Instructions to follow: The required output is the exact text of the lines from the line containing "NEW LISTING TO" through the final line below, inclusive, without pictures.

== Segment start ==

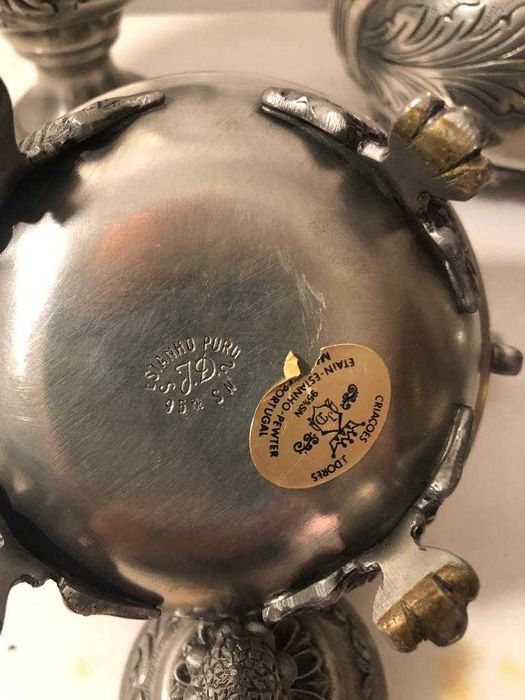 Artigos decorativos de estanho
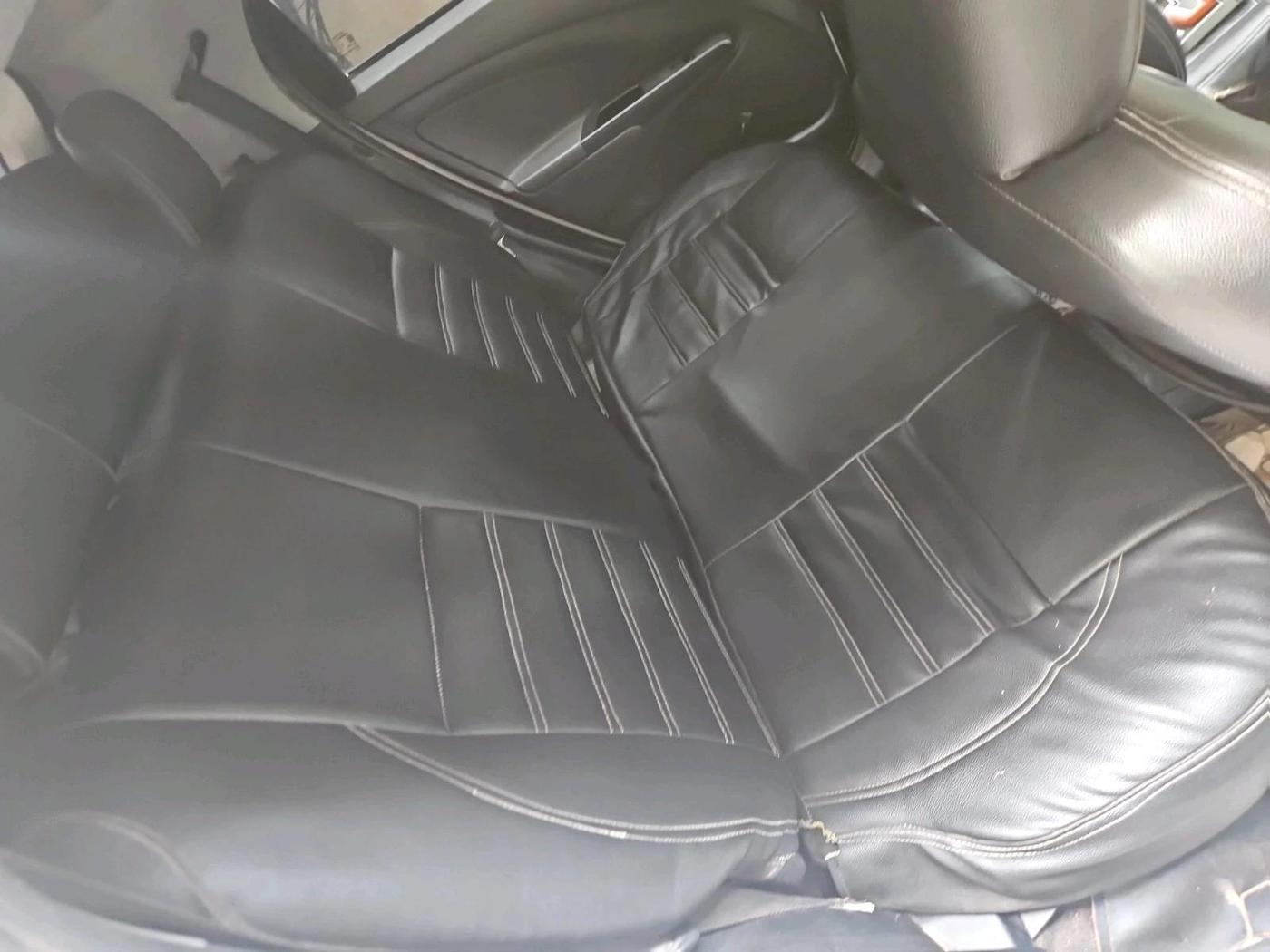 2013 Toyota Etios Liva GD, Diesel, Manual, 1,40,586 km, interior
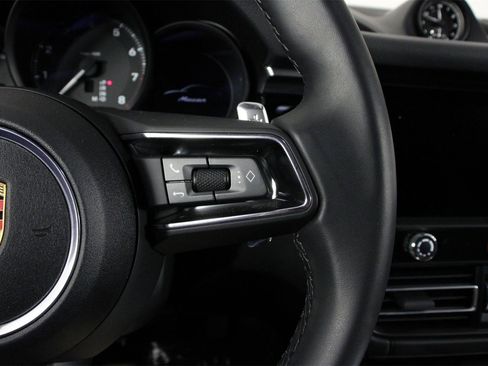 Used 2025 Porsche Macan image 15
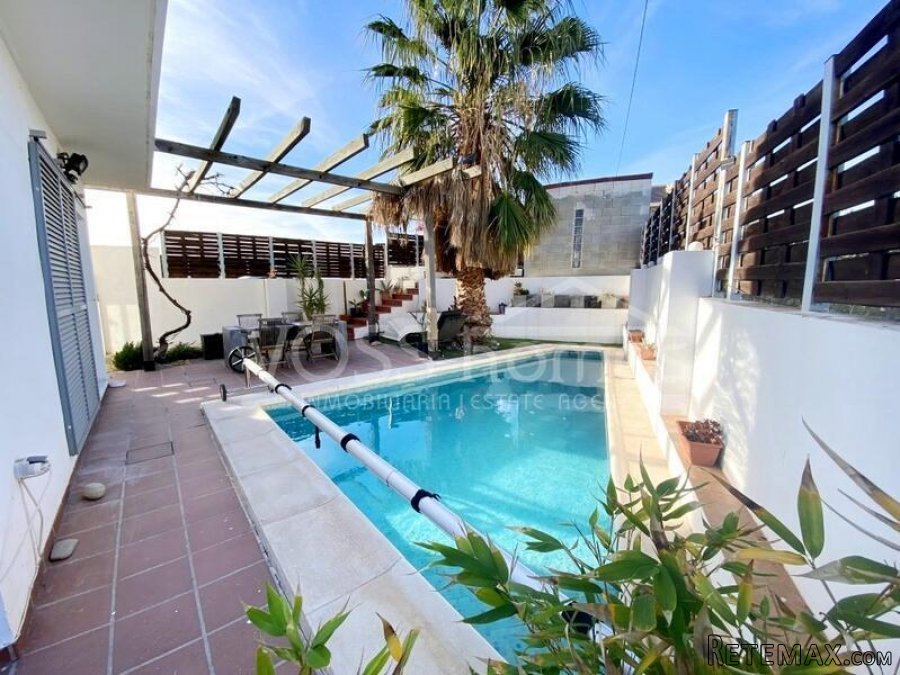 NEW LISTING TO VOSS HOMES - A very spacious, modern style.. - 2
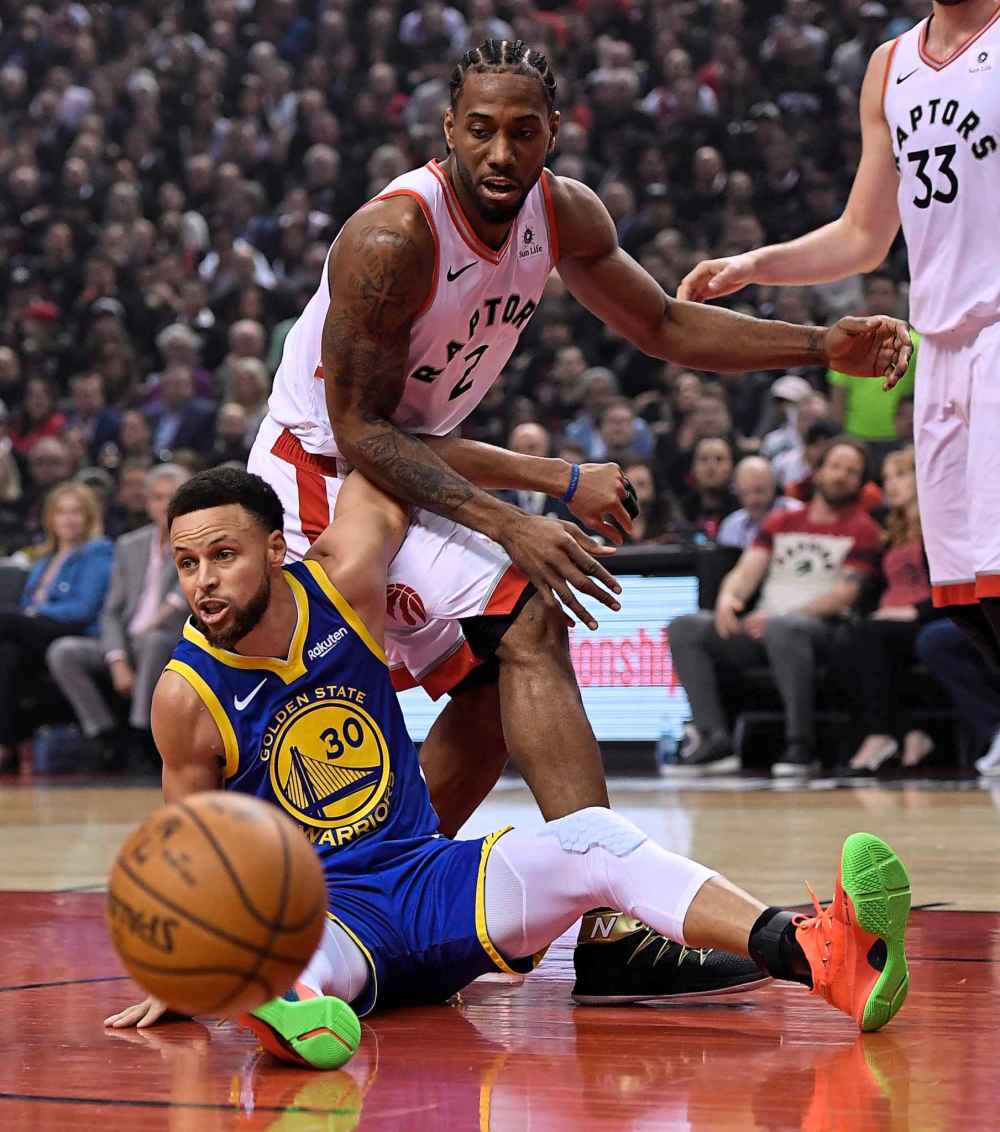 THE CANADIAN PRESS/Frank Gunn
Thursday's Game 1 featured two NBA superstars, Golden State Warriors guard Stephen Curry and Toronto Raptors forward Kawhi Leonard, going head-to-head.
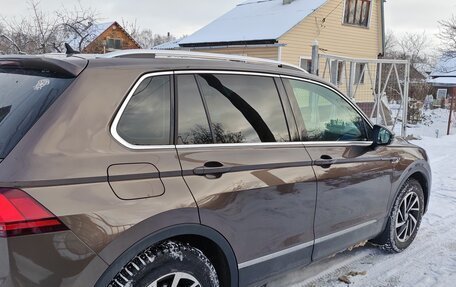 Volkswagen Tiguan II, 2018 год, 2 800 000 рублей, 1 фотография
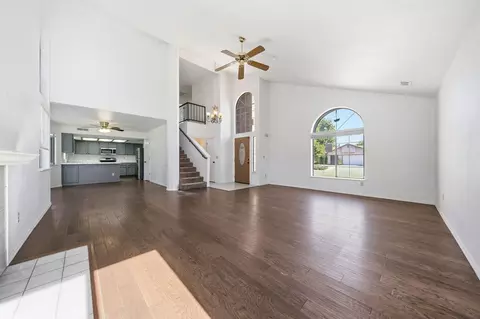 Living - 550 Armando Ave, Redding, CA 96003 photo 3 of 6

== Segment end ==

Response to this task:
 NEW LISTING TO VOSS HOMES - A very spacious, modern style.. - 2
 THE CANADIAN PRESS/Frank Gunn
Thursday's Game 1 featured two NBA superstars, Golden State Warriors guard Stephen Curry and Toronto Raptors forward Kawhi Leonard, going head-to-head.
 Volkswagen Tiguan II, 2018 год, 2 800 000 рублей, 1 фотография
 Living - 550 Armando Ave, Redding, CA 96003 photo 3 of 6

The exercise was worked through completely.